PROBLEM DESCRIPTION: The whole listing, apart from its images, should be restated word for word.

AVAILABLE DATA:
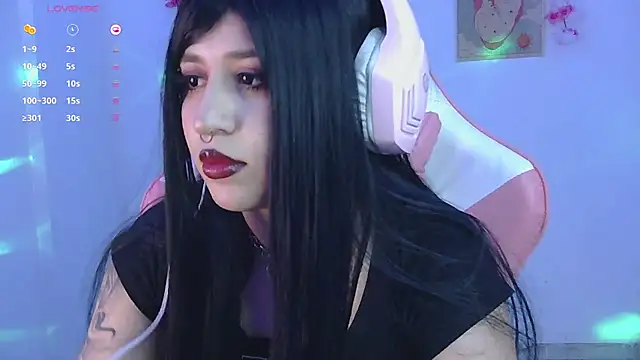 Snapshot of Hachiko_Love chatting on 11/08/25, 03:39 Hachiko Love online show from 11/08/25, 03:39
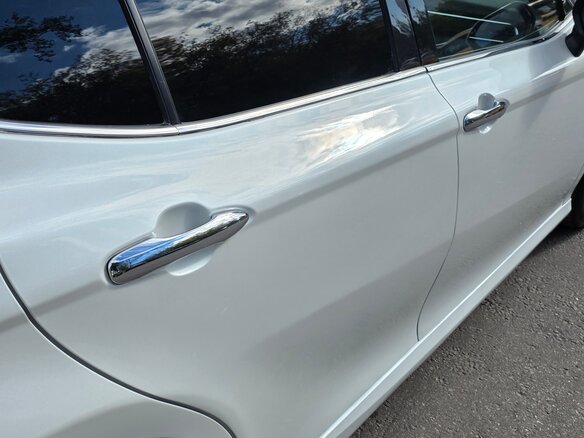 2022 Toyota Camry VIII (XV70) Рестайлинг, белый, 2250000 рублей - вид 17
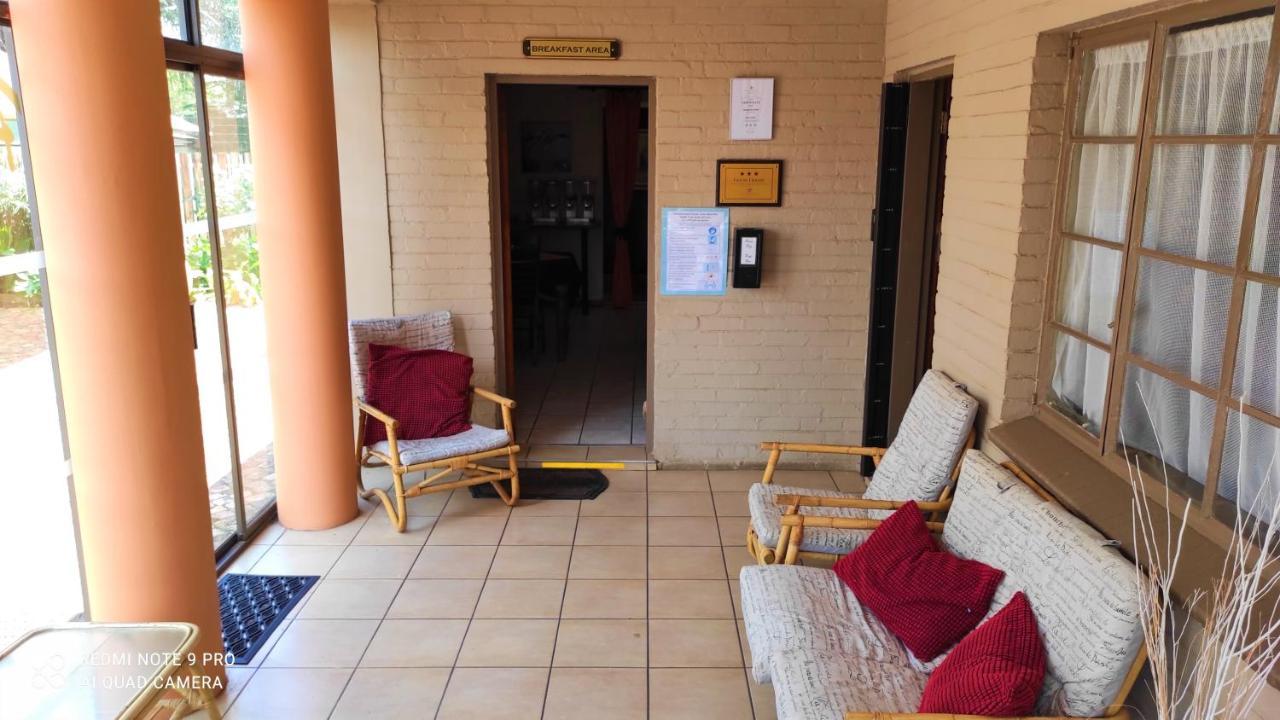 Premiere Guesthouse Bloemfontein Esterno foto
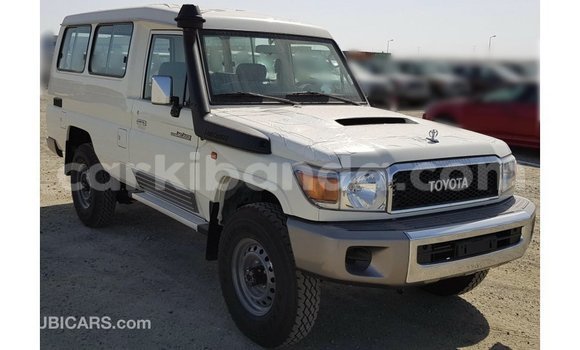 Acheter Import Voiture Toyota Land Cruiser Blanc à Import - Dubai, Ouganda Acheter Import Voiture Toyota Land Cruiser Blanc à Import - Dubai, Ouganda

ANSWER TO THE EXERCISE:
 Snapshot of Hachiko_Love chatting on 11/08/25, 03:39 Hachiko Love online show from 11/08/25, 03:39
 2022 Toyota Camry VIII (XV70) Рестайлинг, белый, 2250000 рублей - вид 17
 Premiere Guesthouse Bloemfontein Esterno foto
 Acheter Import Voiture Toyota Land Cruiser Blanc à Import - Dubai, Ouganda Acheter Import Voiture Toyota Land Cruiser Blanc à Import - Dubai, Ouganda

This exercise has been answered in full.